Stelvio Cipriani’s score steals from his own The Great Kidnapping and gets away with it. Dissonant piano builds dread. Jazz punctuates the action. It works.
The underwater photography avoids the cheap studio tank look. When the octopus attacks using real creatures, miniatures, and rear projection, the film shines. One boat attack shot from a wide angle makes you forget you’re watching actors pretend. A point-of-view shot from below deck as the hull cracks and water explodes inward thrills.
But Shelley Winters proves problematic as Huston’s sister. She’s entitled and helpless, and spends much of the film in an inexplicably oversized sombrero. Her character never faces danger. Waste of Winters.
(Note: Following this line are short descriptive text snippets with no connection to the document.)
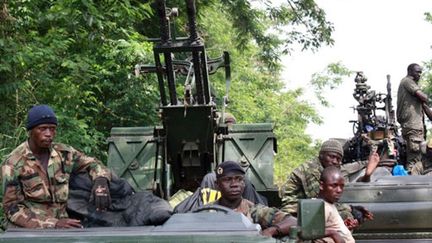 Des membres des forces d'Alassane Ouattara à Duékoué (ouest de la Côte d'Ivoire), le 29 mars 2011 (AFP / Zoom Dosso)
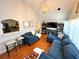 Spacious living room features hardwood floors, blue sofa, and open layout to kitchen at 3014 Echols Rd, Cumming, GA 30041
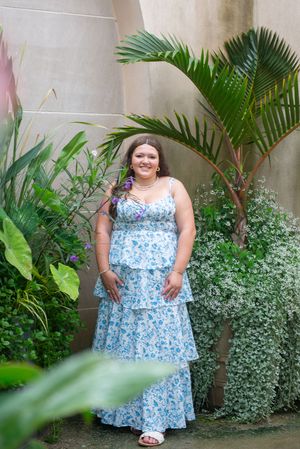 Person in blue floral maxi dress standing among tropical plants and palm fronds.
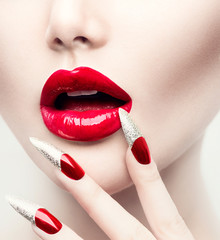 Make-up und Maniküre. Rote lange Nägel und rote glänzende Lippen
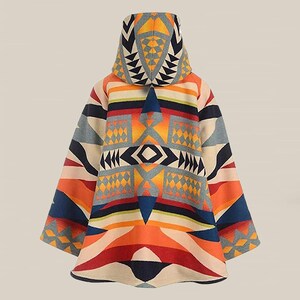 May include: A hooded poncho with a vibrant geometric pattern in shades of orange, red, blue, and cream. The design features triangles, diamonds, and stripes, creating a colorful and eye-catching look. The poncho is a cozy outerwear garment.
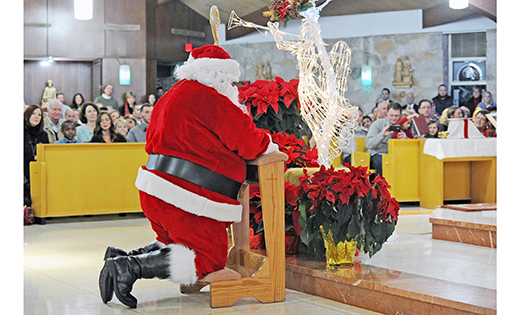 Santa Claus prays in front of the altar during Saint Gianna Beretta Molla Parish’s Christmas Eve Mass and Nativity Play. Father Anthony Manuppella, pastor of the Northfield community, celebrated the joyous liturgy.

Photo by Alan M. Dumoff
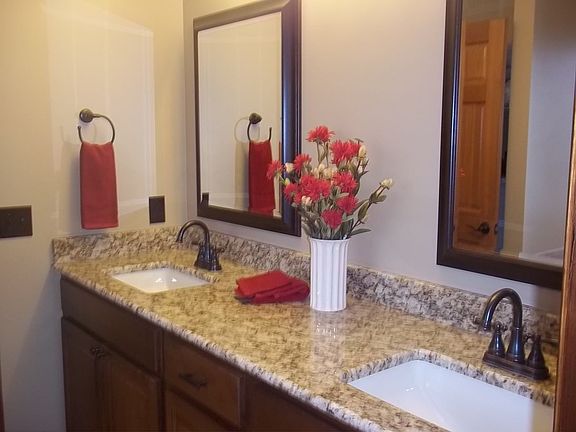 Granite countertop, plenty of cabinet storage.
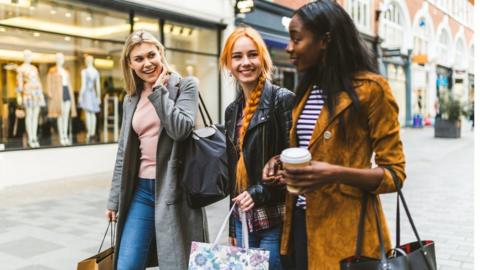 Three women shopping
The film’s Italian roots show through extensive off-screen dialogue, designed for easy dubbing. Technical goofs pile up—swimmers keep sneakers on underwater, characters juggle walkie-talkies while sailing—but you forgive them because the suspense holds.
Until it doesn’t.
The third act abandons Huston, Winters, and Fonda for a sequence where Hopkins brings killer whales to fight the octopus. Instead of wide shots, we get Hopkins throwing himself around a cabin to simulate tentacle attacks. Then he gets trapped in an underwater avalanche. (How?) His whale friends rescue him.
Imagine Jaws ending with Quint’s pet dolphins attacking the shark.
Tentacles builds genuine suspense, then throws it away for an overlong finale that feels imported from a different movie. Picture Winters yanked backward into the ocean by a tentacle or Huston firing a harpoon through the creature’s eye. That would have been something.
Instead, we get whales versus octopus. Nature documentary meets Free Willy. The film promises a spectacle it never delivers.
Two stars. The first hour deserves three. The last act deserves zero.